Developing an Akka edge

Chapter 5: Routers

Up to this point in the book, we've looked at some uses of actors. While you can certainly build complicated chains of actors cooperating via message passing, you haven't really seen the components that allow for building more interesting and complex actor topologies. This is where routers (and dispatchers, covered in the next chapter) enter the picture.

Routers are a mechanism Akka provides to handle the flow of messages to actors. They allow for grouping actors together and sending messages to different actors based upon a variety of different rules. Dispatchers, on the other hand, are more concerned with the actual management of the actors' execution. In fact, they are themselves instances of ExecutionContext, which we briefly looked at earlier in the context of futures.
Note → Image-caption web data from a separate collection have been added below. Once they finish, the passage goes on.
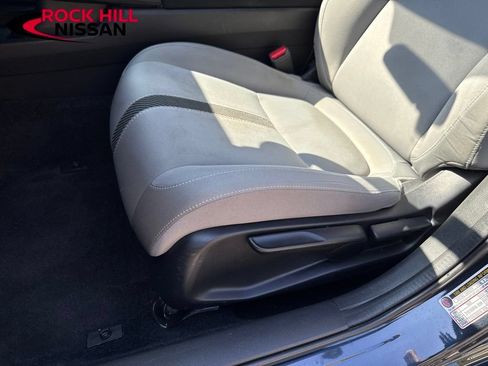 Used 2018 Honda Civic EX image 16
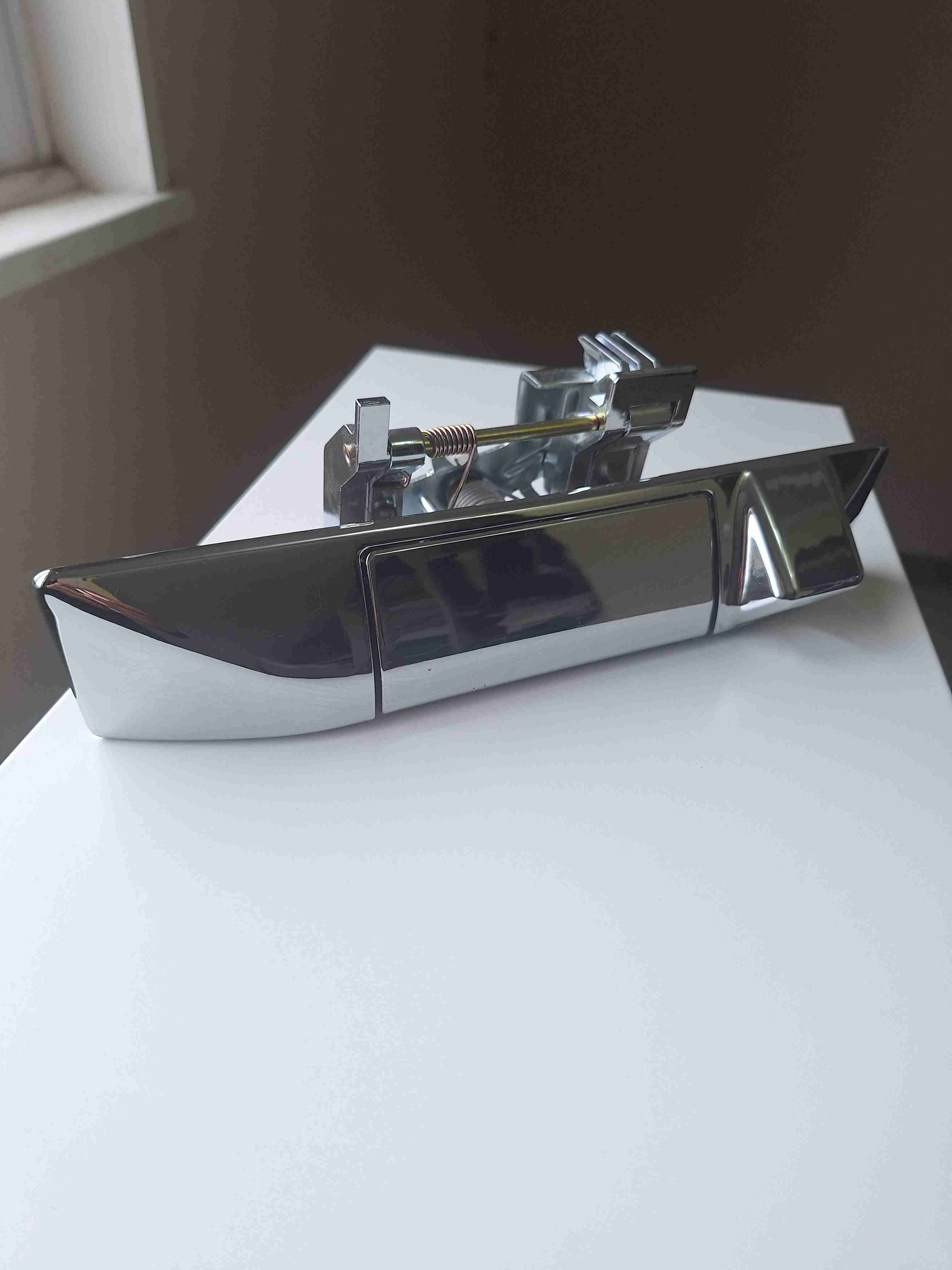 Manilla de puerta cromada de auto - miniatura 5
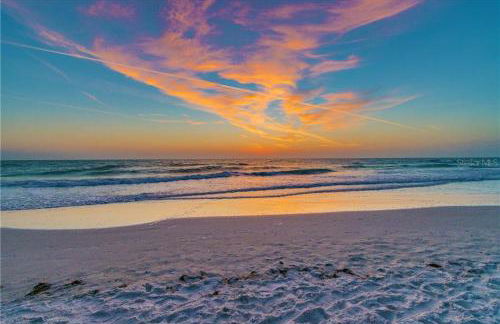 Luxury Home & Mins to Beach and Walk to Downtown - Foto 34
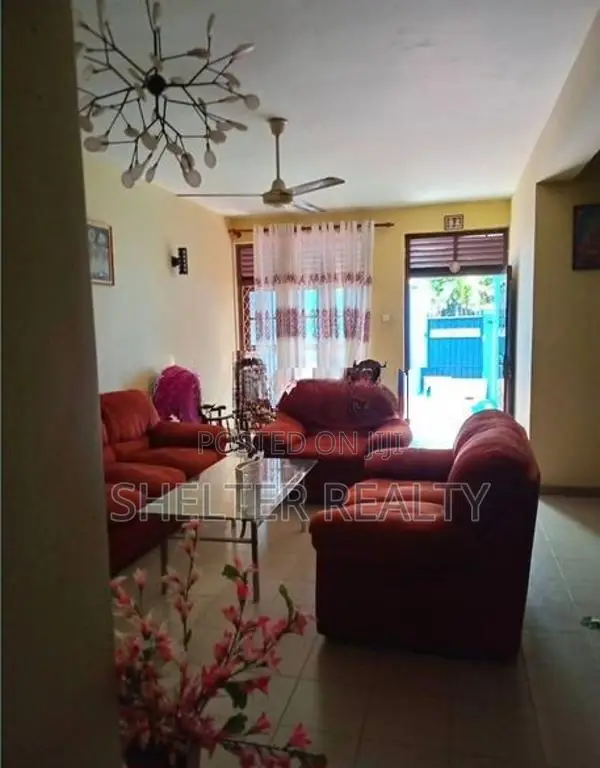 Peliyagoda House for sale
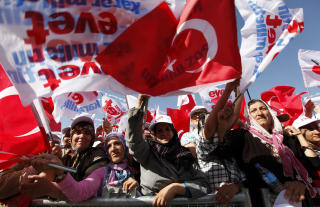 SVAKT INTERNDEMOKRATI: AKP ledes av en mann med et stort ego og med en tidsvis b�llete oppf�rsel. Hans st�ttespillere viser her sin entusiasme for et ja i folkeavstemningen. Foto: REUTERS/Umit Bektas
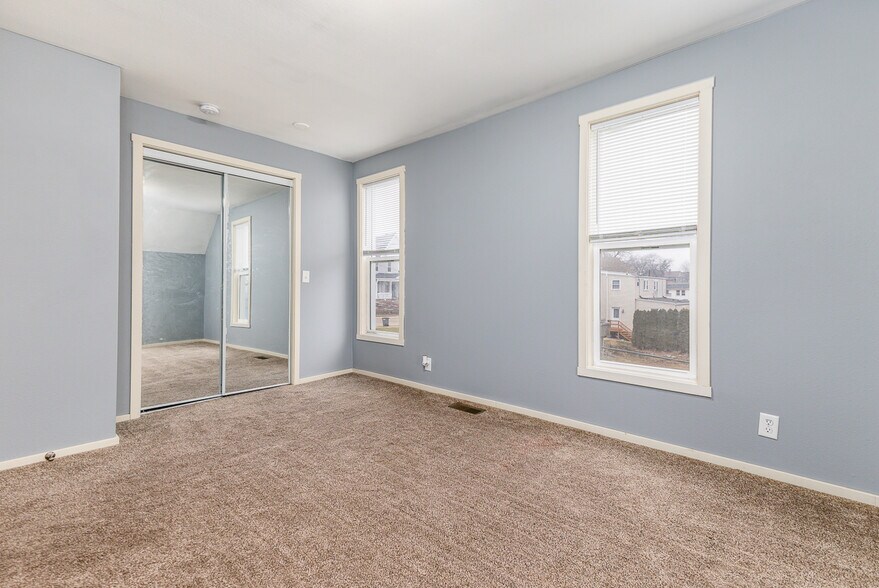Building Photo - 778 W 8th St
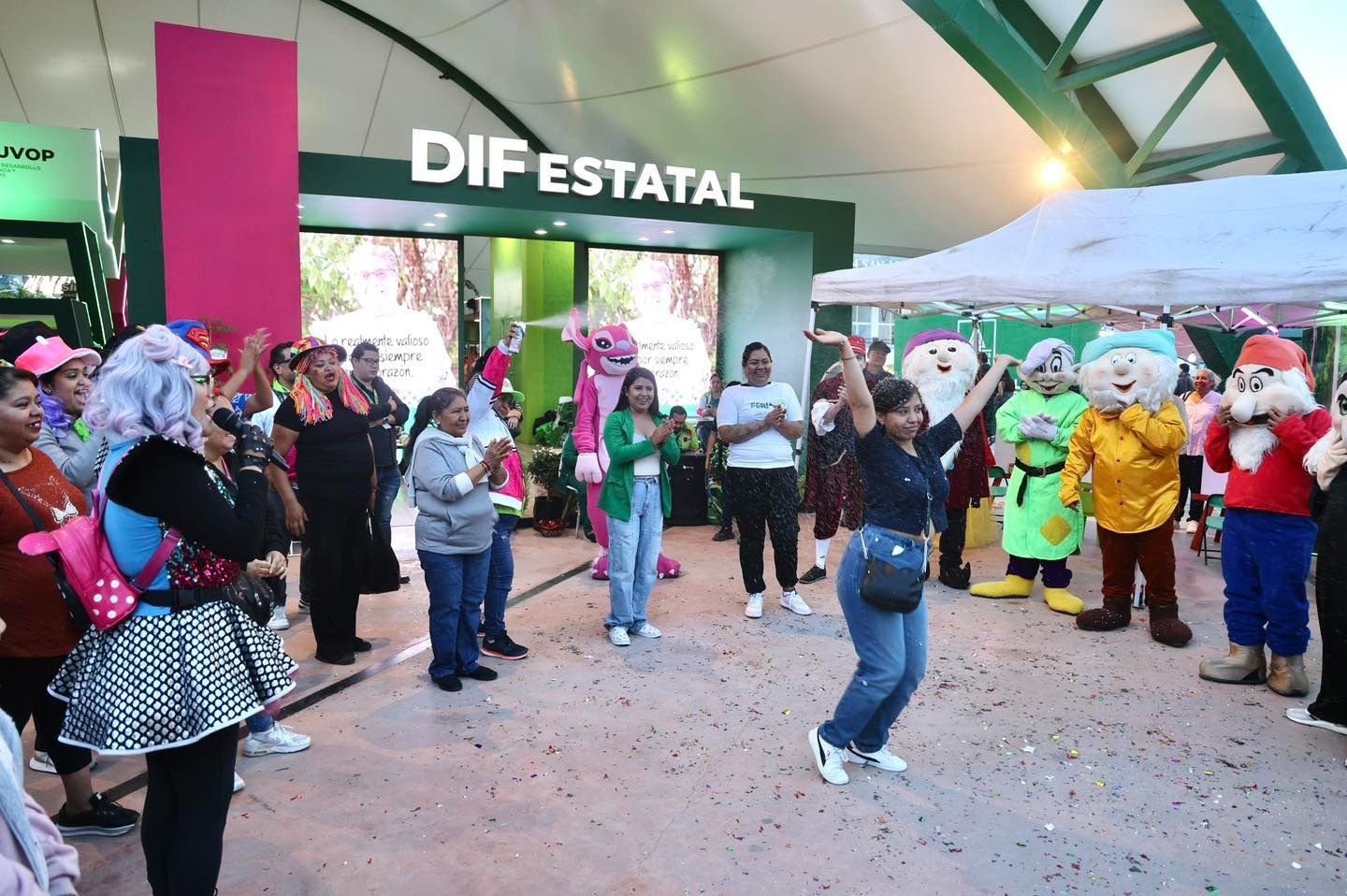 STAND DE DIF ESTATAL BRINDÓ 25 MIL ATENCIONES EN LA FENAPO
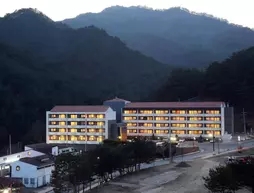 Dukgu Oncheon Resort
It's easy to get confused at times about which you should choose, given a specific problem, between a router or a dispatcher. Hopefully, by the end of this chapter you will begin building an intuitive sense of when each of these provide an appropriate solution.

The basics of routers

The basic purpose of a router is to provide a means to determine where messages are sent between a group of possible actors. You can think of these as being similar to a load-balancer in front of a typical web application. In fact, one of the most common use cases for routers in Akka is to balance some load across a set of actors. This can be used quite effectively for situations that call for possibly limited or costly resource usage, like what you might typically see in, for instance, a pool of database connections or other external resources (connections to external dependencies is a common scenario here).

It's important right from the start to understand that, while routers are internally implemented as actors, they possess certain properties and behaviors that are not always comparable to normal actors. For instance, they do not actually use the same mailbox and message handling scheme used by other actors. Akka specifically bypasses these to make routing efficient and simple. There is a cost, if you're actually implementing a router, but as we don't plan to cover that here, you can safely ignore it for now.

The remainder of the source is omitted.